The second is, once I’ve determined the amount that I’m eligible for, I still have to figure out if the right plan for me is a Blue Cross or a Kaiser plan. That type of consumer need fundamentally requires an online support tool.
It is not possible to achieve that decision and help that consumer without having an online support tool where I can go in and say, “I see Dr. Jones.” What I’m looking for is a plan that meets those criteria.
I hope that gives you some very specific examples – online shopping experience, quicker enrollment processing, faster access to care, getting onboarded. That can only be achieved with technology. Sometimes you’re eligible for Medicaid. Sometimes, you’re eligible for subsidies in the state. Many consumers toggle back and forth.
The process of toggling back and forth depends on the underlying changes in income and is something that can only happen through the establishment of standard APIs, standard web services, and standard tools and notification systems that make it easy to transition people out of these programs.
Sramana Mitra: What you’re selling is a white-labelled marketplace. It could also be technology that is not necessarily a marketplace where all these examples that you gave are technologies that could be used, but not necessarily in the marketplace setting. What are the great advantages of a marketplace setting that you’re discovering?
Chini Krishnan: Even 10 to 15 years ago when the Affordable Care Act was framed, it was somewhat possible for it to be framed in a way where consumers could figure out what subsidy they would be eligible for. Thereafter, they are on their own and maybe talk to a broker.
What people realized over time is that the greatest good is achieved by presenting to consumers, in real-time at the point of determination, an apples to apples comparison between the plans. What that achieves is, in one integrated way, I’m able to go in and say that I live in whatever zip code, see a certain doctor, and require Statin.
I can input those and get a very personalized online marketplace recommendation for the plan that I need. It’s not very different from saying that I want to fly from San Francisco to London and that I want a coach class window seat. I want it to be a non-stop flight. Tell me what my choices are. The discovery problem is what an online marketplace facilitates.
Sramana Mitra: Let’s talk about open problems. When you look around in this general space that you have been in for a long time, what do you see as open problems? I’m talking more broadly but within your segment. What are some possibilities where new entrepreneurs should dig to find problems to solve?
Chini Krishnan: Healthcare is a huge problem. It’s a huge problem because the underlying basket of goods and services that the healthcare system has is taking up more and more of our GDP. There are a range of new business models that remain to be solved.
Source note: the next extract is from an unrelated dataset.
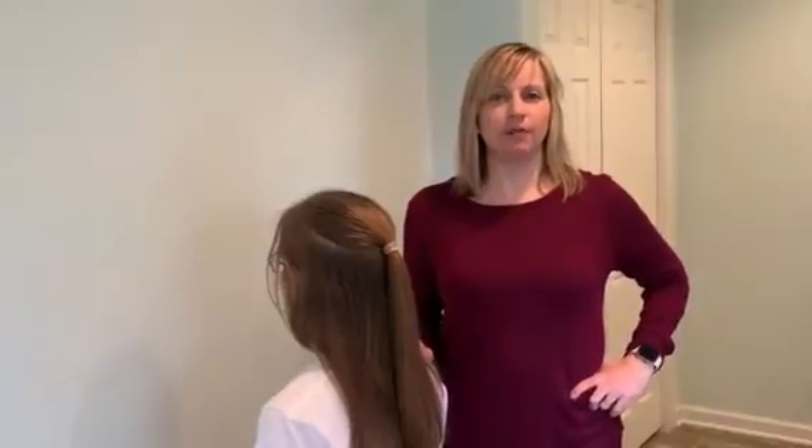Hi, I'm Jodi from Pixie Salon. I'm here to demonstrate a couple of braids for you and hopefully give you something to do while you're at home just like we are.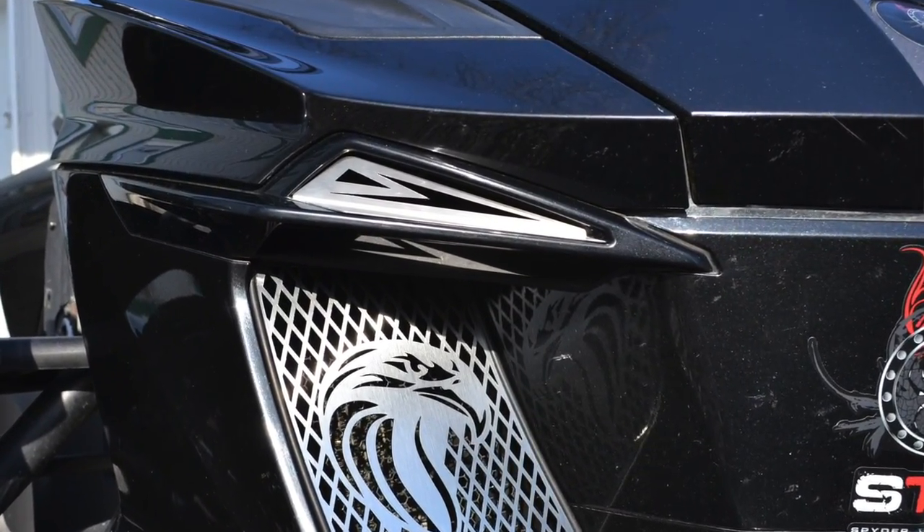Hey guys, welcome to my shop. I'm Pierre from K&M SpiderAccessories.com. In this video, we're going to be talking about grills again, but you haven't seen these ones. These are brand new front upper grills. They go on the RT Series 2014 and up.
Just one quick example would be, nobody has figured out how to do a Netflix model for generic prescriptions. Imagine a set low-cost monthly fee where consumers could have access to any kind of generic prescription medication they want. That could be made available to an entire population. Nobody has figured out how to do that yet.
Another problem is, there is a persistent issue where the price of prescription medication in the United States tends to be higher than the rest of the world even for drugs that have been around for a very long time. If you look at insulin, it costs way more in the United States than it does elsewhere. It was invented over 100 years ago.
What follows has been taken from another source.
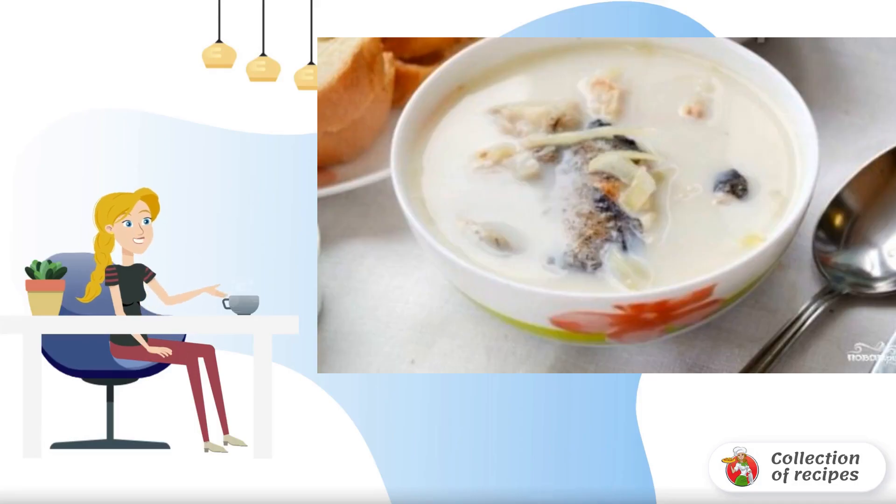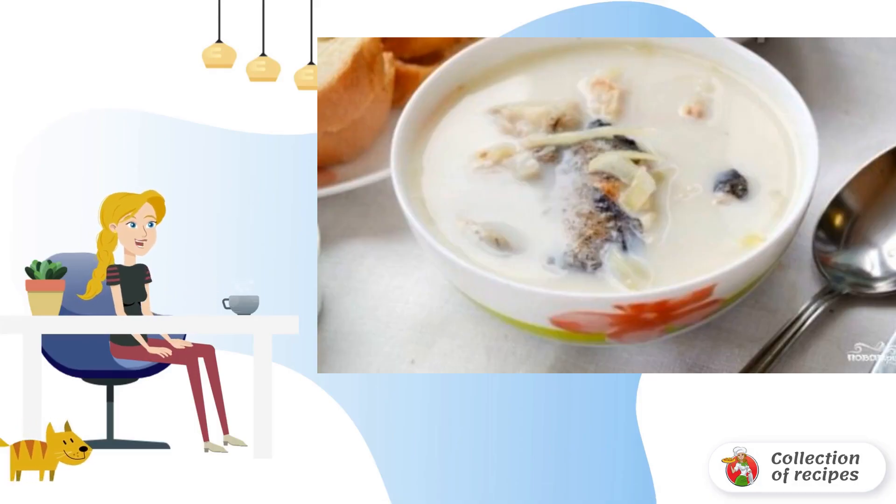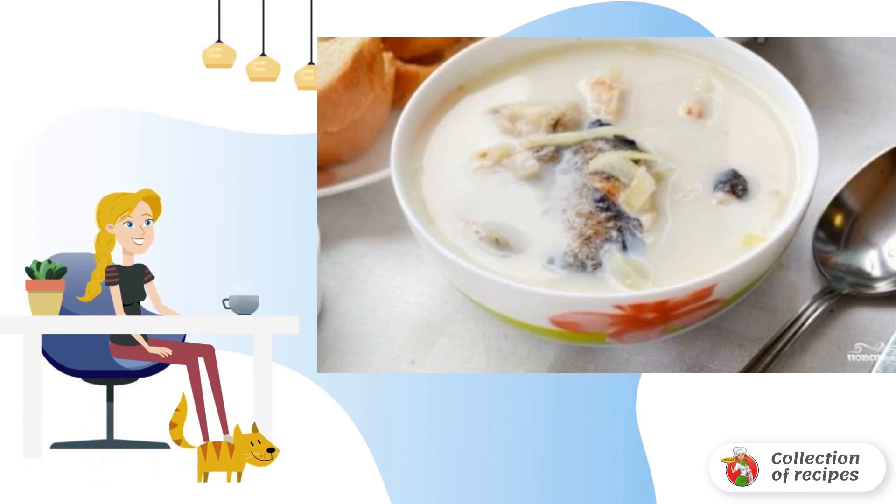Latvian milk soup with fish is a very tasty national dish. Vegetables for soup are not pre-fried, preserving their beneficial vitamin properties. Milk makes the soup very tender and delicious.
For any entrepreneur out there, if you have the patience, tenacity, determination, and creativity, there are enormous problems that are waiting to be solved.
Sramana Mitra: Before we close off, tell me a bit about the company. Is it a bootstrapped company?
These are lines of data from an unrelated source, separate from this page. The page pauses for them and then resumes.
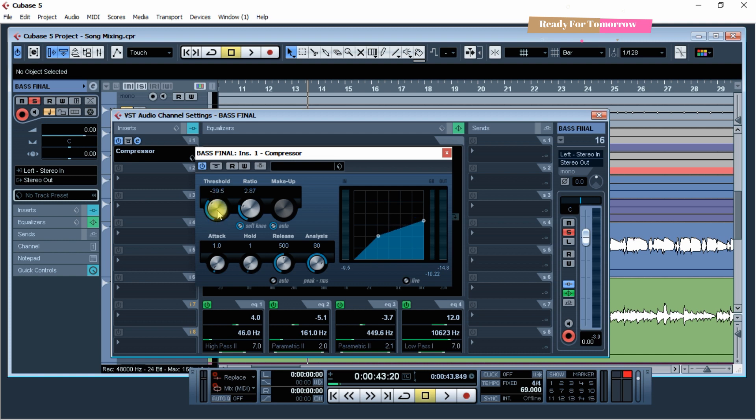Show it to you. I will do it. Ratio is 7... 8. Attack.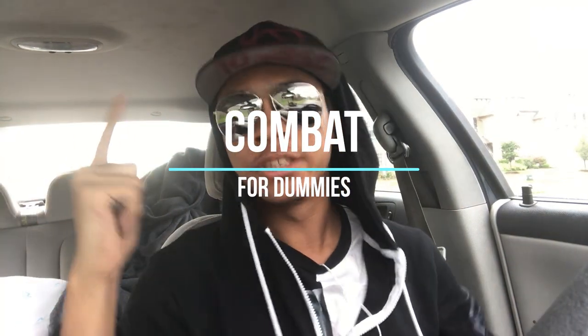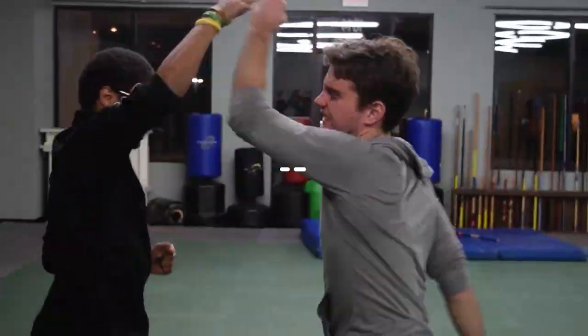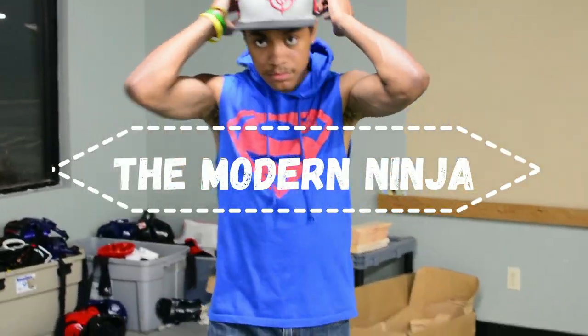What's up guys, it's the only ninja wearing aviators with Mr. Manhead, bringing you yet another episode of Combat for Dummies here on the Modern Ninja YouTube channel. I gotta be real with you — I am feeling kind of sick, been having a bunch of allergies lately, so this video is going to be a bit on the shorter side. But this is an incredibly important video if you've been following this series, so sit back and relax.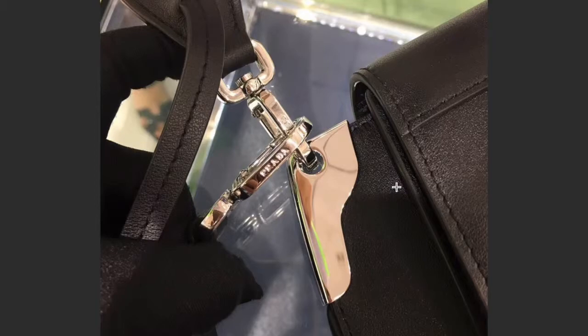Those are some quick tips on how to identify a fake Prada Sidonie bag. Hopefully this helps you identify your bag as a fake or as a real one. If you have any trouble, go to an authentic seller and ask them to take a look at your bag — you always want to be sure that you have the real deal. Thanks again for watching, don't forget to subscribe and give this video a thumbs up. I'll see you next time.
Chini Krishnan: We’ve been around since 2005. We are backed by institutional capital. We were founded in Bessemer’s offices. We are fortunate to have supportive institutional investors. We’re very fortunate to be in the Valley and to have access to the kind of capital and support that Bessemer and others provide.
Sramana Mitra: What is the business model that you’re using?
Chini Krishnan: We’re SaaS.
Sramana Mitra: That’s a function of users on the system?
Chini Krishnan: Not quite. It’s oriented towards what is classically considered as enterprise pricing. It tends to be fixed-price contracts.
Sramana Mitra: Great. Thank you for your time.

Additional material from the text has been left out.